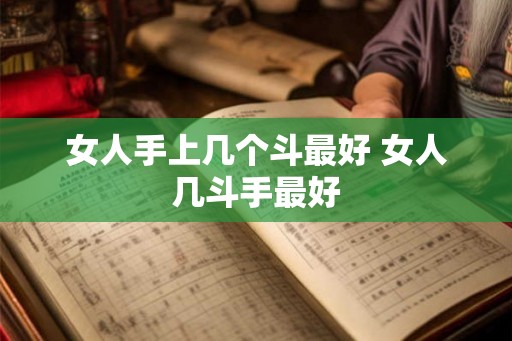 女人手上几个斗最好 女人几斗手最好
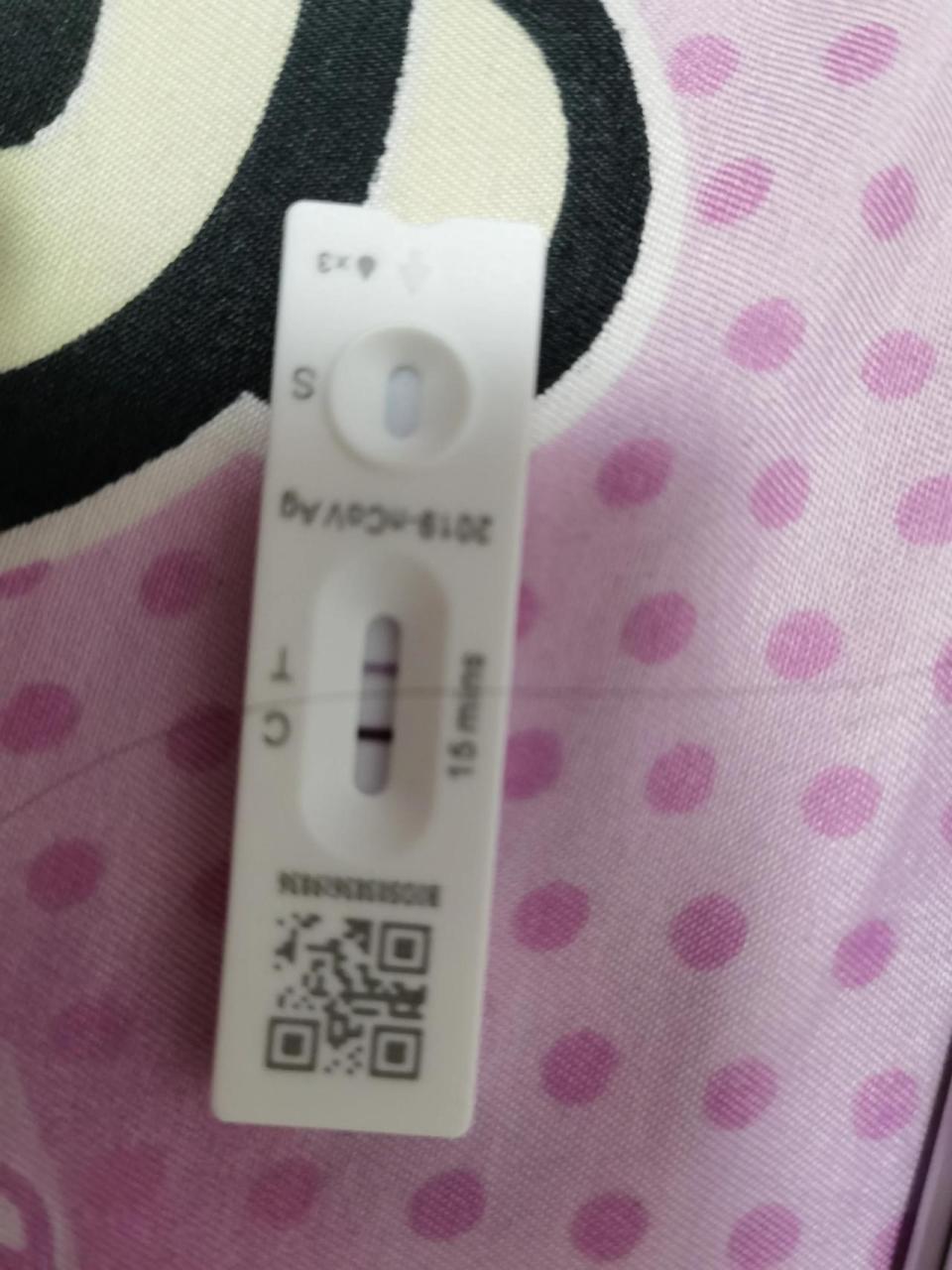 阳了又阳,今天是我阳的第二天,除了浑身无力和喉咙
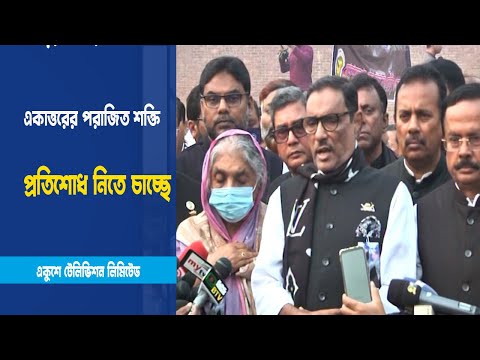 ঐক্যবদ্ধ হওয়ার আহ্বান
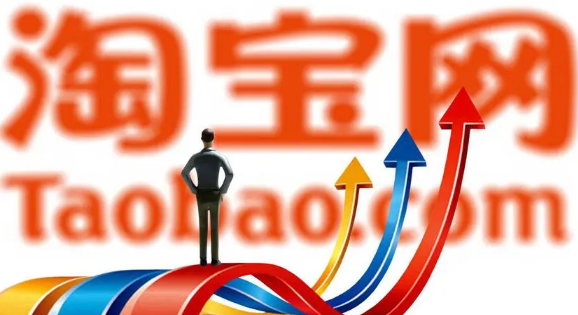 淘宝2024年过年打折吗 过年网购会便宜一点吗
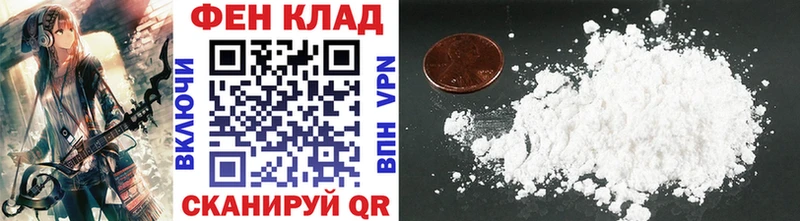Первитин винт  Клин 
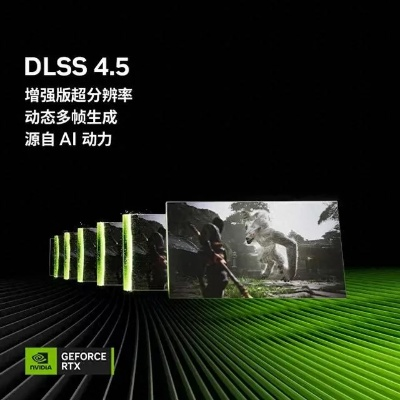 DLSS 4.5动态多帧生成和6倍多帧生成将于3月31日上线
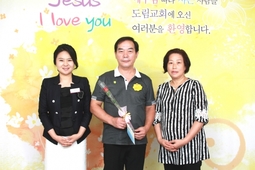 9/4 서동주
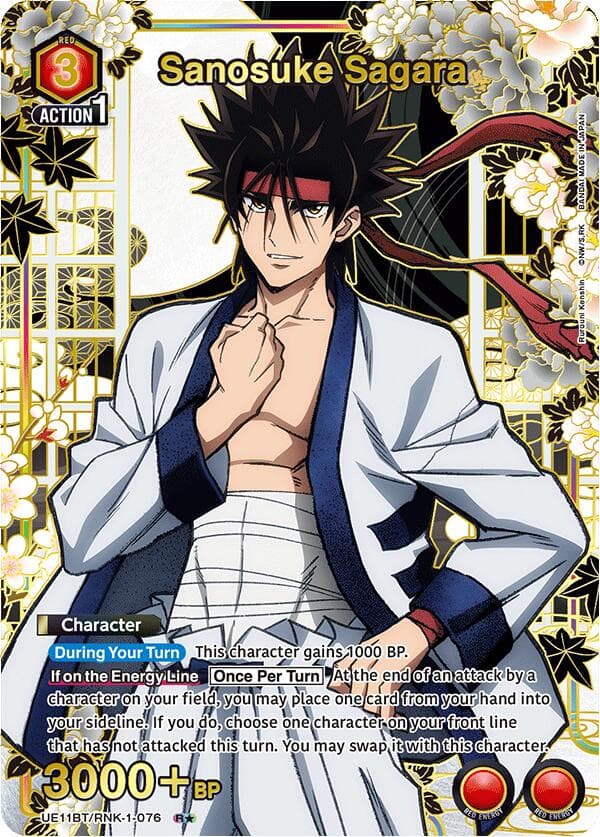 Sanosuke Sagara (076) (R*) — UE11BT: Rurouni Kenshin card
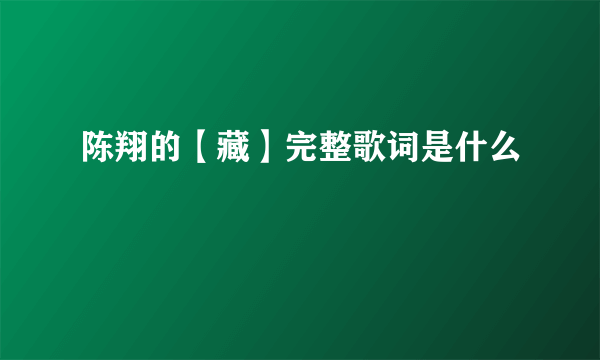 陈翔的【藏】完整歌词是什么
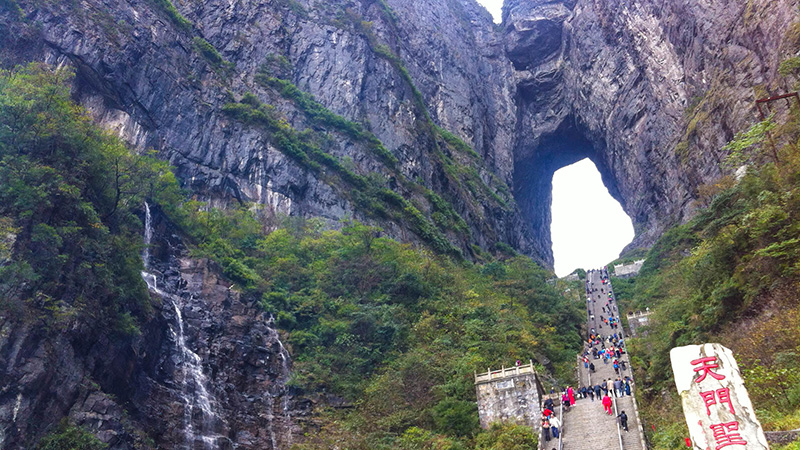 Tianmen Cave, The "Heaven's Door" of Tianmen Mountain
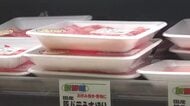 ナフサ高騰で食品トレーを簡素化　福井の「ハニーグループ」が“安価な白トレー”に変更「中身で勝負したい」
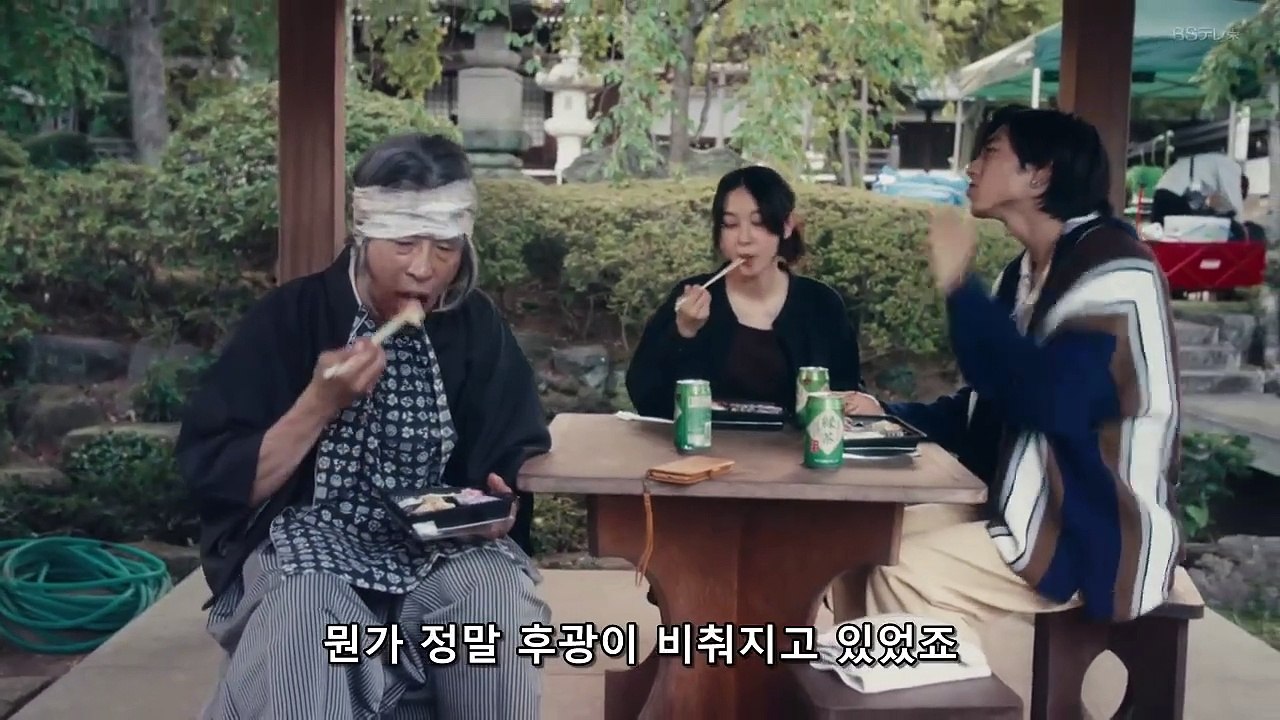 사쿠 05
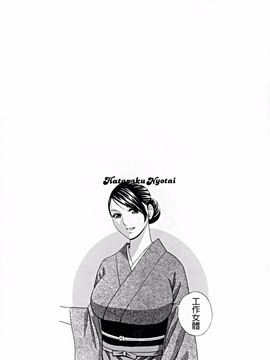 [英丸] 働く女体_158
__________
Output exactly the lines from the one containing "ナフサ高騰で食品トレーを簡素" through the last line of the records above, both included, and leave out the pictures.

» Answer to this problem:
 ナフサ高騰で食品トレーを簡素化　福井の「ハニーグループ」が“安価な白トレー”に変更「中身で勝負したい」
 사쿠 05
 [英丸] 働く女体_158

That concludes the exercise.